**Source data:**
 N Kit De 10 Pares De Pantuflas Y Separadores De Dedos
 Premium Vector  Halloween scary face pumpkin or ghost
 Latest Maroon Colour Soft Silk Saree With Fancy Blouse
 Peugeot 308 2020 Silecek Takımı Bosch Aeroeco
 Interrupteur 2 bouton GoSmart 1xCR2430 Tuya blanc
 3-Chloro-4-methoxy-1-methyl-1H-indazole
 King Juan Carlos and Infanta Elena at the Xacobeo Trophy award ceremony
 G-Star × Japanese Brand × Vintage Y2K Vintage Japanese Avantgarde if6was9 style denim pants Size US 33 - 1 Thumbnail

---

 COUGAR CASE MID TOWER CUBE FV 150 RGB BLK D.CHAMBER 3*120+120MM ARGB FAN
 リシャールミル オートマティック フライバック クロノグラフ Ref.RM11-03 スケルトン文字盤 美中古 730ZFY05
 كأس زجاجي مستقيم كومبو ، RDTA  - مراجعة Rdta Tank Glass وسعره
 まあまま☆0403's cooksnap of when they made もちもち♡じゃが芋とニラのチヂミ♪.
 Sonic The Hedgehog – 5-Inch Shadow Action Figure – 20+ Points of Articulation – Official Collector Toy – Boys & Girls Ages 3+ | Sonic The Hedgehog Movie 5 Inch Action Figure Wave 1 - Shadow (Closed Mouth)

**What you have to do:** From the entries above, write out only the lines starting at the line that holds "Interrupteur 2 bouton" and ending at the line that holds "G-Star × Japanese", keeping both and matching them exactly.

**Answer box:**
 Interrupteur 2 bouton GoSmart 1xCR2430 Tuya blanc
 3-Chloro-4-methoxy-1-methyl-1H-indazole
 King Juan Carlos and Infanta Elena at the Xacobeo Trophy award ceremony
 G-Star × Japanese Brand × Vintage Y2K Vintage Japanese Avantgarde if6was9 style denim pants Size US 33 - 1 Thumbnail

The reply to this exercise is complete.